The Red Cross pointed out during one of the security round table meetings, that 72 individuals have been expelled from temporary accommodation, in addition to around 20 who have left on their own initiative, indicating that these cases are “in the hands of the National Police, which in coordination with the Local Police will proceed over the next few days to relocate them to the CIE (Foreigners Internment Centre) for subsequent expulsion.”

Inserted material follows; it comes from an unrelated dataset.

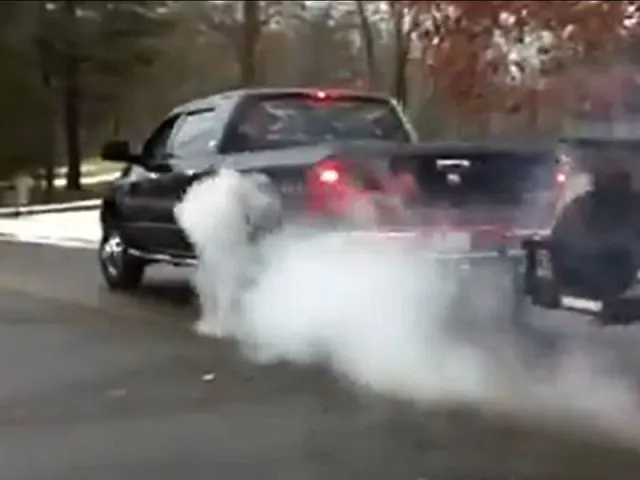 Dodge Dually cloud of smoke burnout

The Mogán roundtable was attended by urban development, security and tourism councillor Mency Navarro who expressed regret that their municipal town hall was not being supplied with any of the lists of information they have demanded, regarding the numbers and details of the people currently accommodated or expelled, nor has anyone communicated with them regarding the protocols for dealing with those individuals who have subsequently been expelled from accommodation in the south. Mayans agreed to provide information regarding protocols at their next meeting, on Friday of next week.
It was made clear that any of these people who have been involved in disturbances to public order or who have abandoned the reception facilities, are to be lined up for preferential expulsion, once they are relocated. The deputy delegate of the Spanish Government in Las Palmas, Teresa Mayans , stressed that they are only able to ensure “a limited number of repatriations” but that “that will grow progressively”, along with the “preferential expulsions already being carried out.” She also pointed out that every individual involved is identified to Policia Nacional, who then take responsibility for locating those individuals to ensure they are dealt with appropriately.
They spoke of the de-escalation in the use of hotels, the Red Cross considering “the term established” by the Government Delegation “viable”, who indicated the approximate final date for the vacating of tourist establishments for around mid-February.
Phase 1 of the ‘Canarias 50’ military base facilities is already 100% complete and phase 2 has begun, in addition to the adaptation of other centres on Gran Canaria and other islands that “are progressing at a good pace, making it feasible to comply with the established schedule”.